* WHAT YOU SHOULD DO:
Each line from the one bearing "Women's Unstitched Three" through the last line of the entries below should be returned exactly, with pictures left out.

*** PROVIDED RECORDS ***

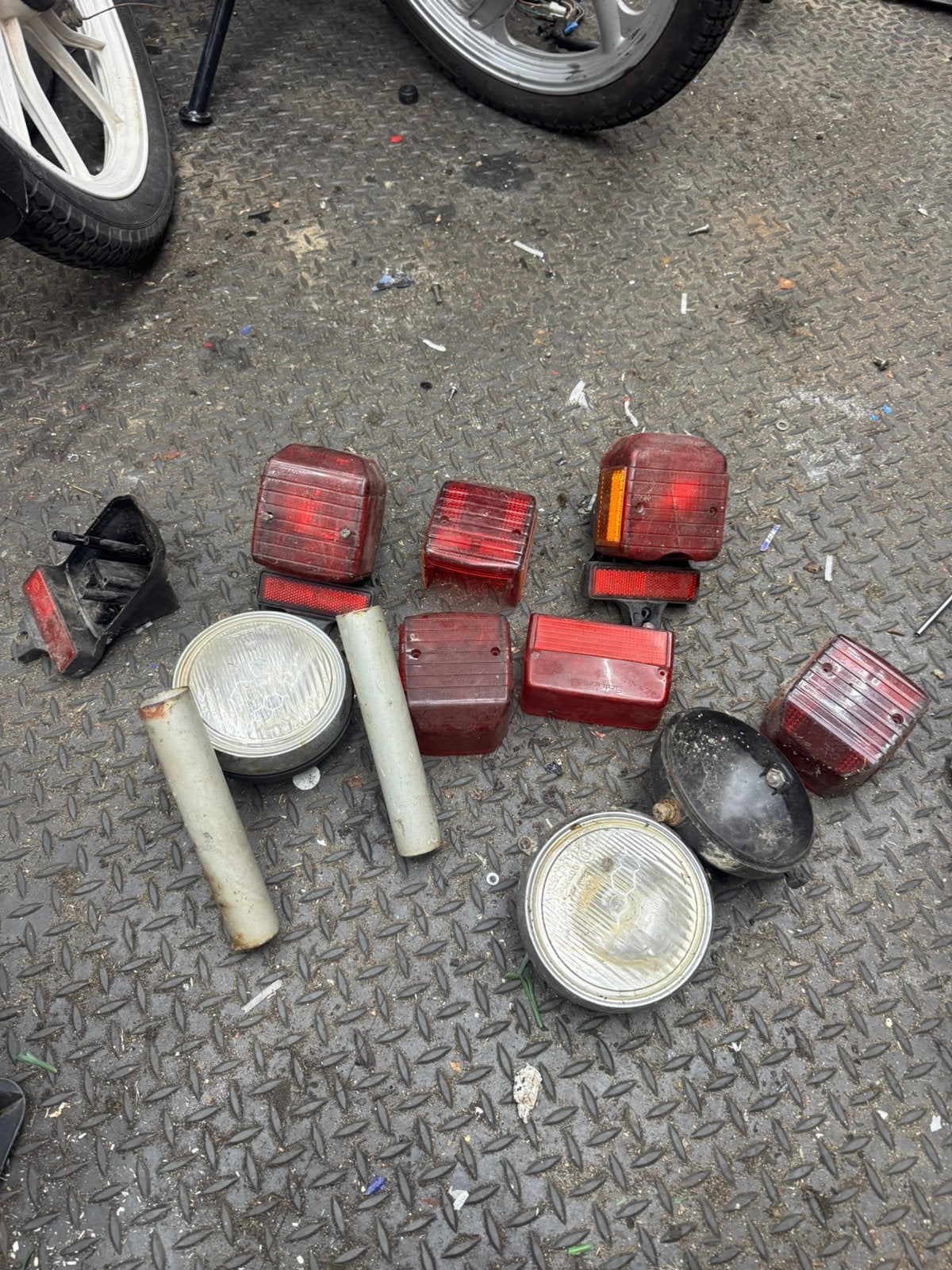 Partij lampen tomos, Auto-onderdelen, Ophalen of Verzenden, Nieuw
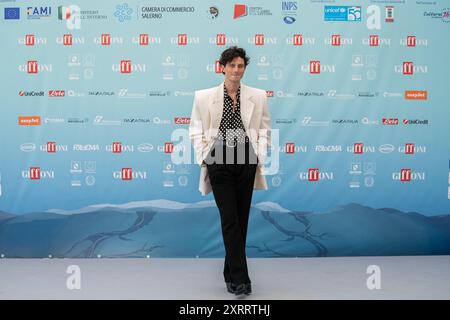 Giffoni Valle Piana, Italien. Juli 2024. Der italienische Schauspieler Daniele Rienzo nimmt am Fotogespräch des 54. Giffoni Film Festivals 2024 Teil. Quelle: SOPA Images Limited/Alamy Live News Stockfoto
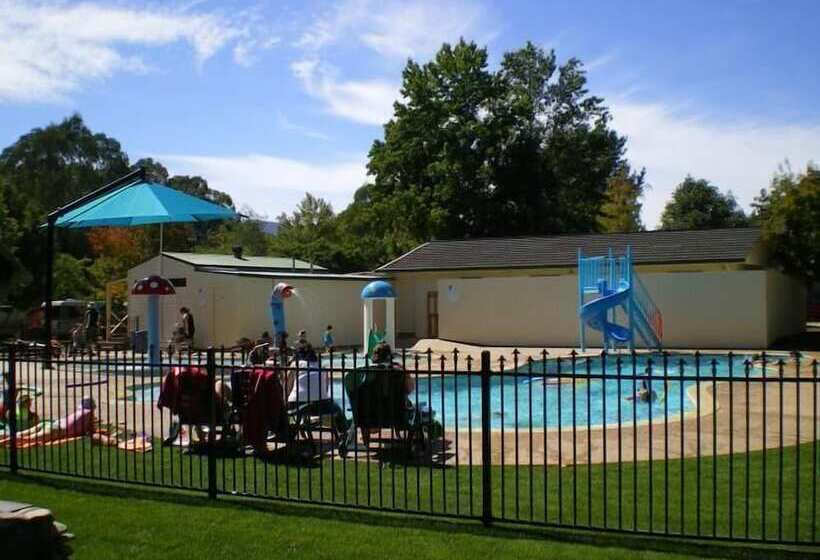 בית מלון כפרי Porepunkah Pines Holiday Park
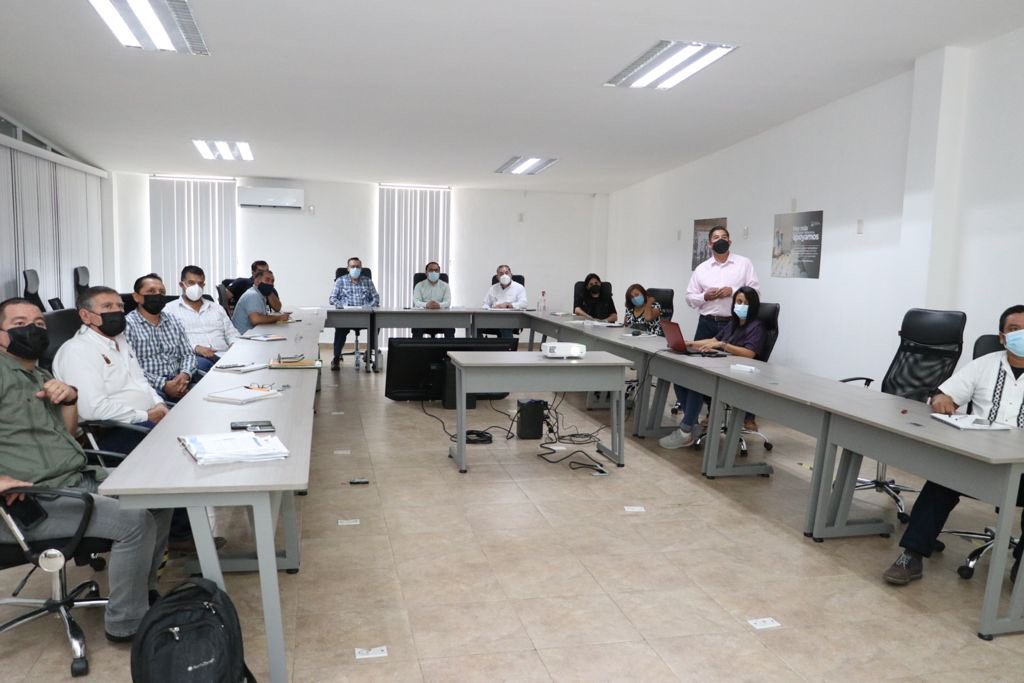 La #SAGyP encabezó la reunión de trabajo del Grupo Técnico de la Comisión  Interinstitucional para la Regularización de Centros de Sacrificio, en donde, participaron la #SOP, #SEMAHN, así como #SENASICA y #DIPRIS;. 

¡Unidos, #ChiapasEsMásFuerte!

👉 bit.ly/3B8Ejnj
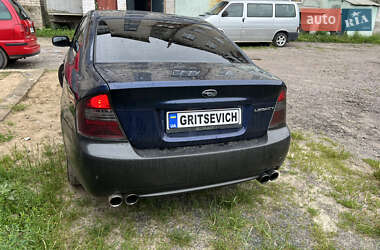 Седан Subaru Legacy 2005 в 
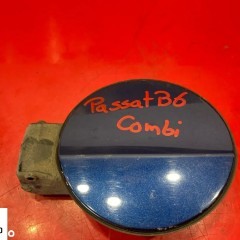 VW Passat B6 kombi klapka wlewu paliwa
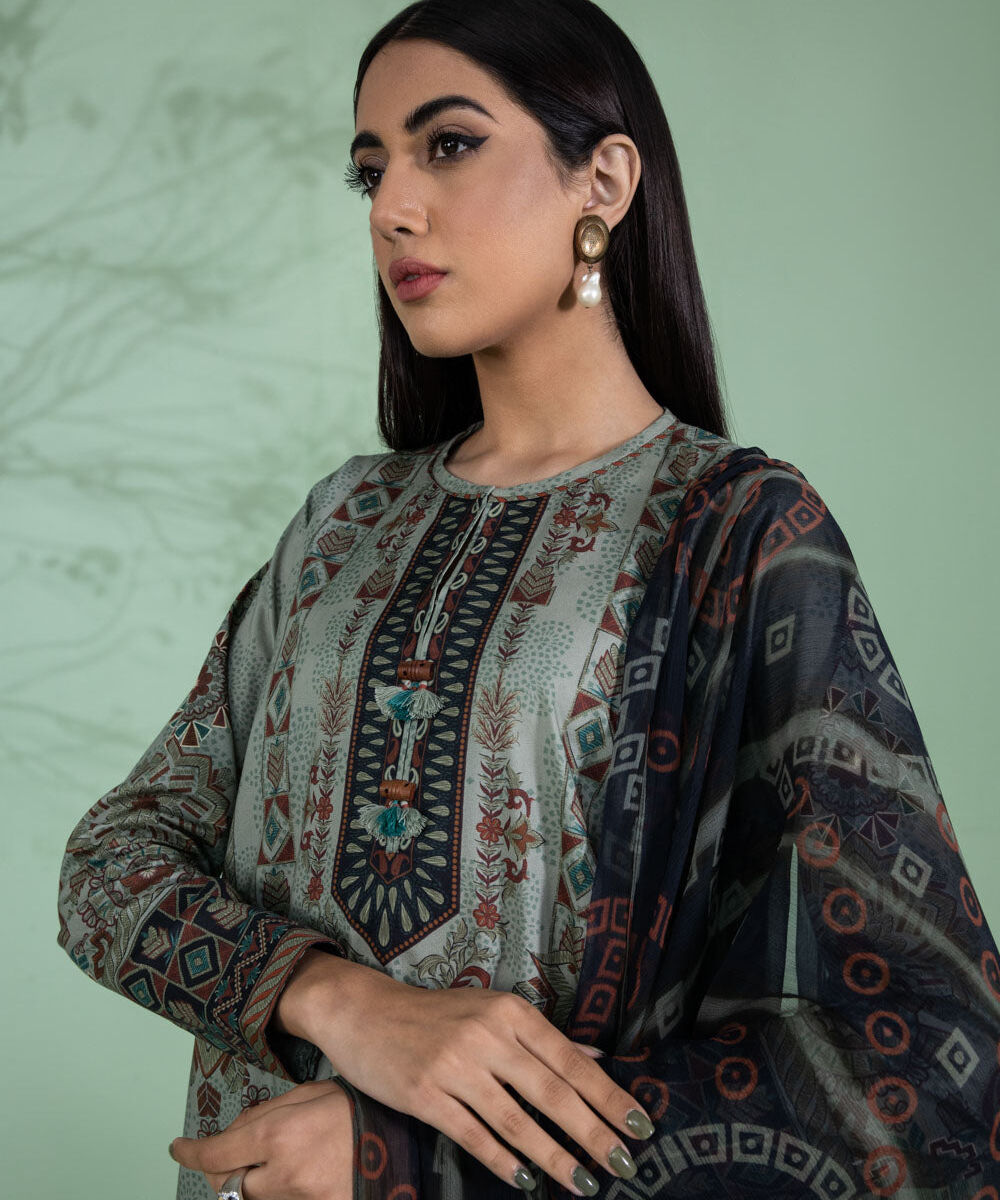 Women's Unstitched Three Piece Printed Lawn Suit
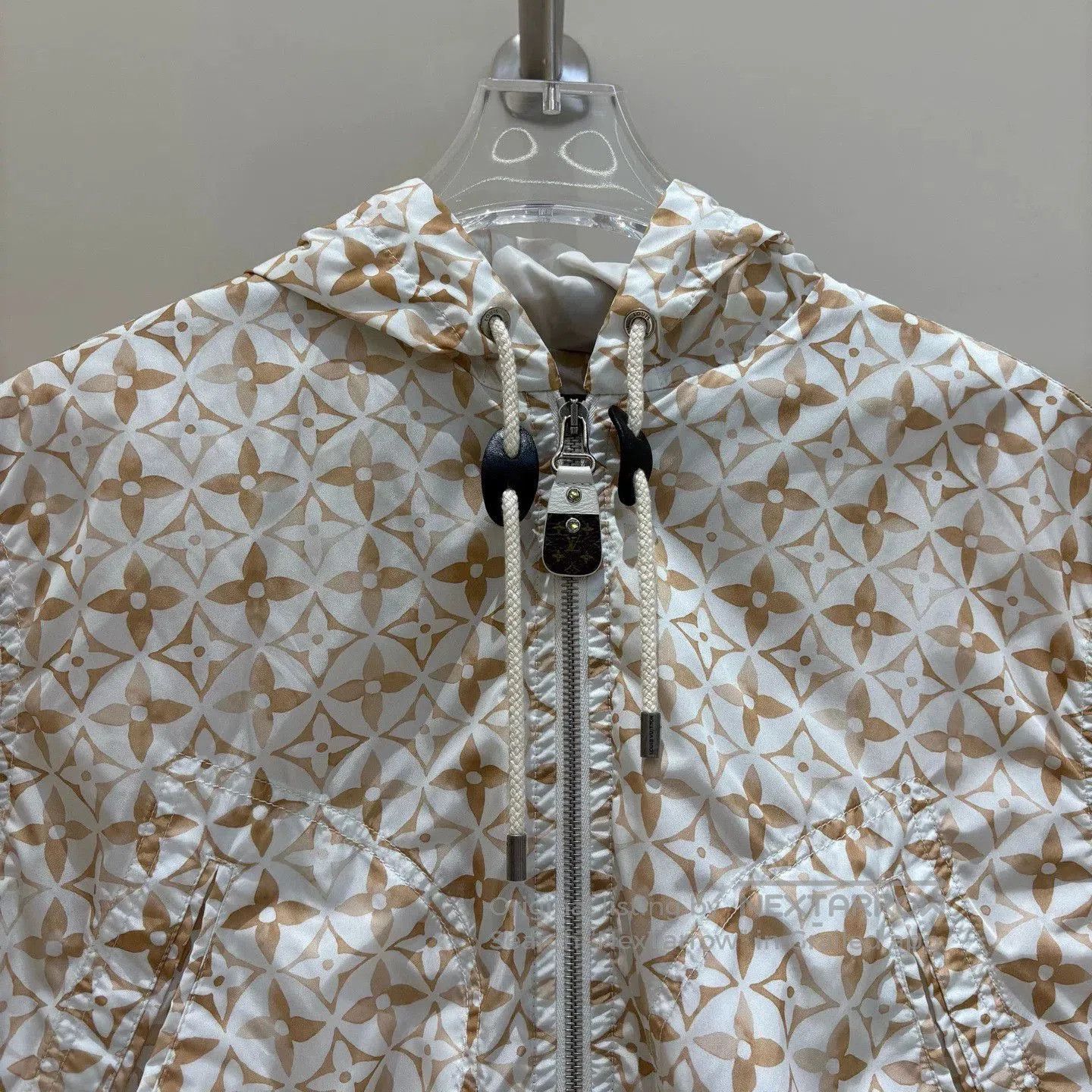 Louis Vuitton Louis Vuitton Monogram Summer Parka. Size US S / EU 44-46 / 1 - 3 Thumbnail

*** End of PROVIDED RECORDS ***

* EXERCISE SOLUTION:
 Women's Unstitched Three Piece Printed Lawn Suit
 Louis Vuitton Louis Vuitton Monogram Summer Parka. Size US S / EU 44-46 / 1 - 3 Thumbnail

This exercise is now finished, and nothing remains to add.